Chicago fans of foie gras protest city’s force-fed ban

CHICAGO — Don’t come between foodies and their foie gras.

That was the message sent by Chicago diners who dug into foie gras dishes Monday, on the eve of the city’s ban on foie gras. High-end restaurants had special foie gras tastings to protest the ban, and even a few down-home sandwich and pizza joints added it to their menus for the occasion.

At the 676 Restaurant & Bar on Chicago’s Magnificent Mile, chef Robert Gadsby topped foie gras with Pop Rocks candies, wrapped it in prosciutto, and blended it into hot chocolate as part of an “Outlaw Dinner” that also featured such controversial ingredients as wild morels, absinthe, unpasteurized imported cheese, and hemp seeds.
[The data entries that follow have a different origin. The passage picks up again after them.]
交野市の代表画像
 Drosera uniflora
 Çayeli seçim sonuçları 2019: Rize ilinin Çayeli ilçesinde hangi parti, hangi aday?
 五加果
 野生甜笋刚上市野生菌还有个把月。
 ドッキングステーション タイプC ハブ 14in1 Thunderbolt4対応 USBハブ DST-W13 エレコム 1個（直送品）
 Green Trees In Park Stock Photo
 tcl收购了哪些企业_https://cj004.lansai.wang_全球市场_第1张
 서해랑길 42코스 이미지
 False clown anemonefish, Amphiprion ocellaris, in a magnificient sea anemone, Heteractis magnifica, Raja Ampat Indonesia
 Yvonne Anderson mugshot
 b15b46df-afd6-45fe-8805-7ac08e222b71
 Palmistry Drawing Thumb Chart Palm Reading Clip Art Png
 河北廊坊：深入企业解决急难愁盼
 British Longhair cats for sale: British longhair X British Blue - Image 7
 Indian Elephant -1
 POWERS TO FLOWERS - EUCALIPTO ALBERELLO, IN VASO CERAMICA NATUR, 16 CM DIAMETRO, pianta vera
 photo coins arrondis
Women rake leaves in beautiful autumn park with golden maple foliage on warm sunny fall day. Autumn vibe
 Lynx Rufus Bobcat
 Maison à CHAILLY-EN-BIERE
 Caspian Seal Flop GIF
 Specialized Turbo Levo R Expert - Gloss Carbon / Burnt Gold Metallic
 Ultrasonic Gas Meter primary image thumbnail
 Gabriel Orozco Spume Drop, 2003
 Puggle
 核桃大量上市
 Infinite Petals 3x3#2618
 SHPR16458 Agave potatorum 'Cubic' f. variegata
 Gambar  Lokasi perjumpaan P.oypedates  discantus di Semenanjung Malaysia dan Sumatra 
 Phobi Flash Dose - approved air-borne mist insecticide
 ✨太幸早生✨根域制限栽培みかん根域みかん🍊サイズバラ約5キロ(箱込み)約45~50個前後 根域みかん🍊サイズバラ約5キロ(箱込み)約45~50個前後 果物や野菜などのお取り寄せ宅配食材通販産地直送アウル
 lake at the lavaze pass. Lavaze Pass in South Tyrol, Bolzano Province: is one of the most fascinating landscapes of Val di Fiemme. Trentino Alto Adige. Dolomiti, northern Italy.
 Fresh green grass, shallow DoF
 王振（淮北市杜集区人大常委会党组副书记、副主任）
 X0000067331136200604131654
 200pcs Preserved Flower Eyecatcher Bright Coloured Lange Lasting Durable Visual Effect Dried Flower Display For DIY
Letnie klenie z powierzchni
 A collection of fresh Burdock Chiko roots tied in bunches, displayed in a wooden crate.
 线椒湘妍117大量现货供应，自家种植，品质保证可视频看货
While the seven-course, $140 dinner was completely legal, all the ingredients have been banned at some point.

Gadsby called the foie gras ban ridiculous.

“What’s next?” asked Gadsby, who also hosted an Outlaw Dinner last month at his Noe Restaurant & Bar in Los Angeles, where foie gras will be subject to a statewide ban by 2012. “They’ll outlaw truffles, then lobster, beluga caviar, oysters. There are diners who eat to fill a hunger urge, and there are diners who eat to be dazzled. If you take away the luxury ingredients, how can you dazzle them?”